- _Task to complete_
Output every entry below word for word, without its pictures.

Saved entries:
────────────────────────────────────────
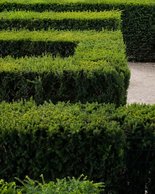Maze, I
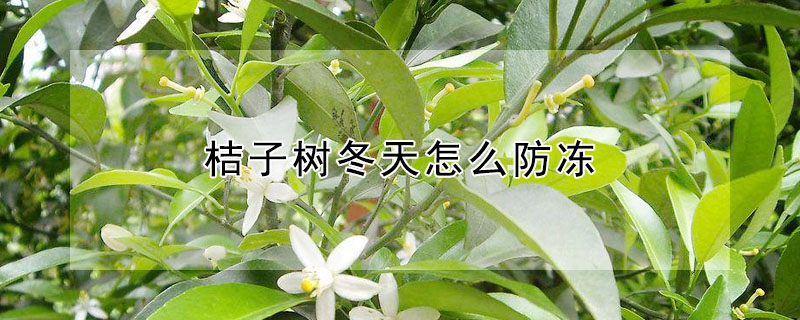 桔子樹冬天怎麼防凍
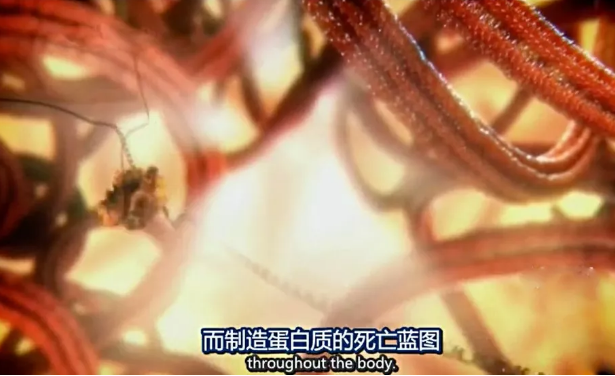 关于病毒，需要了解的三层知识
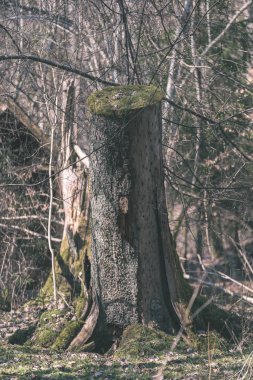 Ormandaki yaşlı kuru ağaç kütüğü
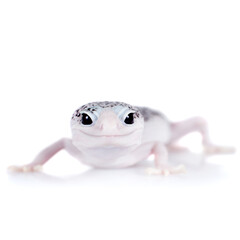 Cute Leopard Gecko on a white background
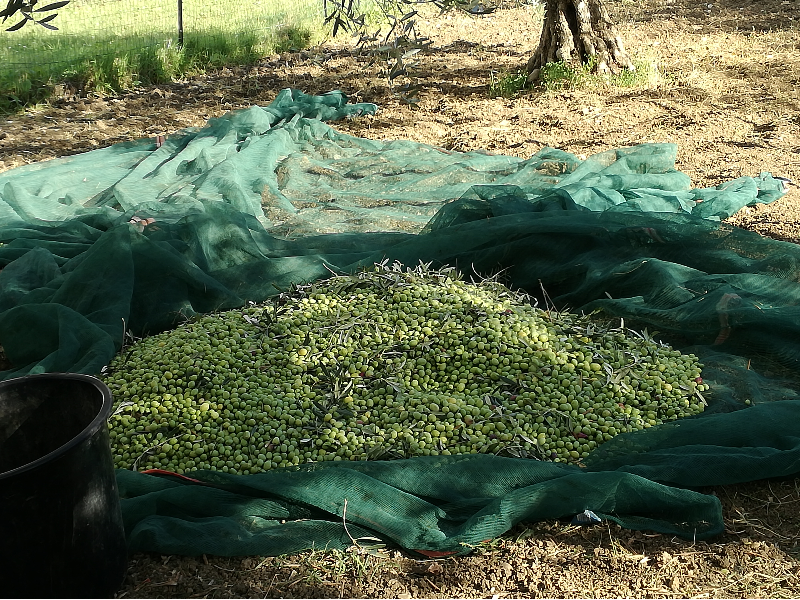 Olio extravergine di oliva. 2022/2023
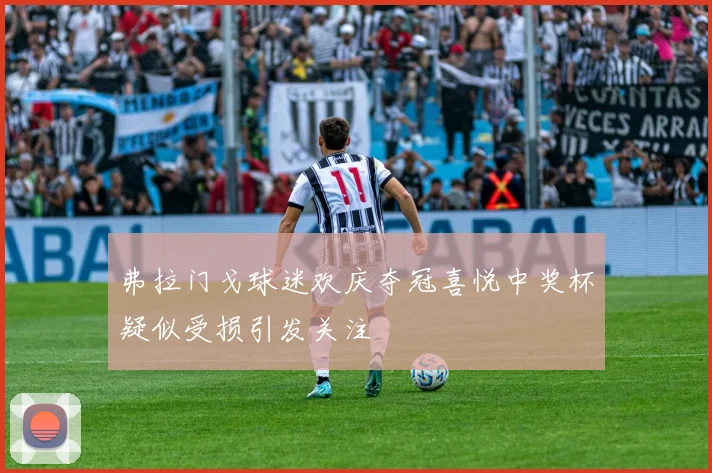 弗拉门戈球迷欢庆夺冠喜悦中奖杯疑似受损引发关注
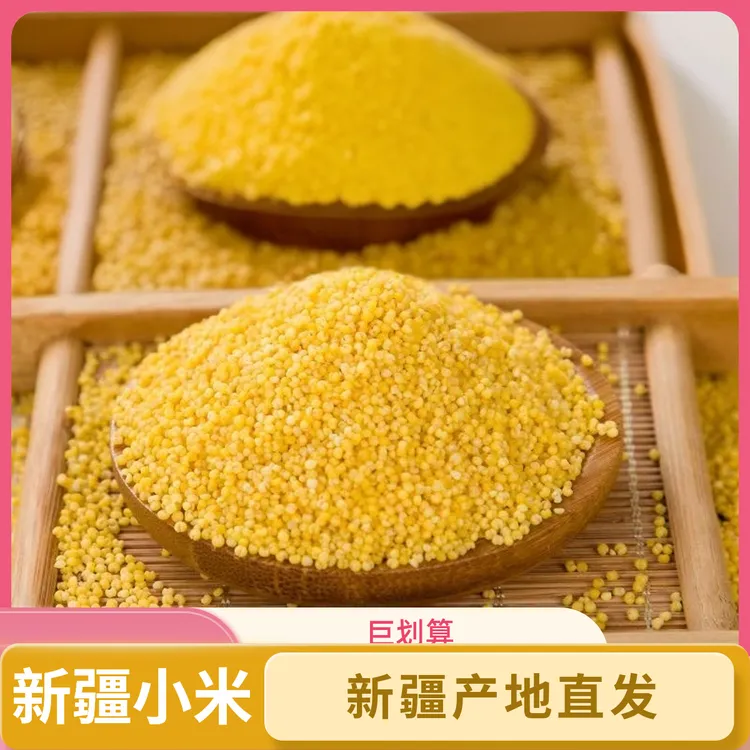 新疆现磨黄小米新米农家种植熬粥小黄米米油丰富优质五谷杂粮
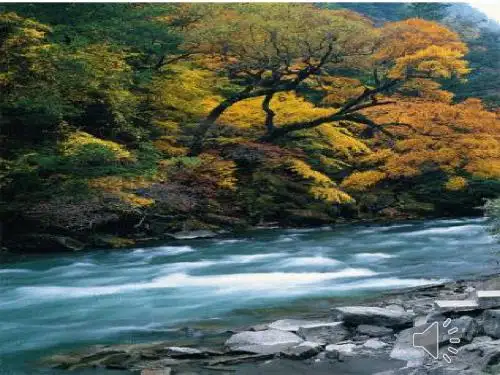 教科版语文二年级上册第单元《快活的小河》课件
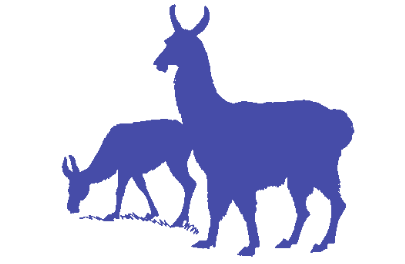 405x264 Lama Newsletter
────────────────────────────────────────
- _Task solution_
Maze, I
 桔子樹冬天怎麼防凍
 关于病毒，需要了解的三层知识
 Ormandaki yaşlı kuru ağaç kütüğü
 Cute Leopard Gecko on a white background
 Olio extravergine di oliva. 2022/2023
 弗拉门戈球迷欢庆夺冠喜悦中奖杯疑似受损引发关注
 新疆现磨黄小米新米农家种植熬粥小黄米米油丰富优质五谷杂粮
 教科版语文二年级上册第单元《快活的小河》课件
 405x264 Lama Newsletter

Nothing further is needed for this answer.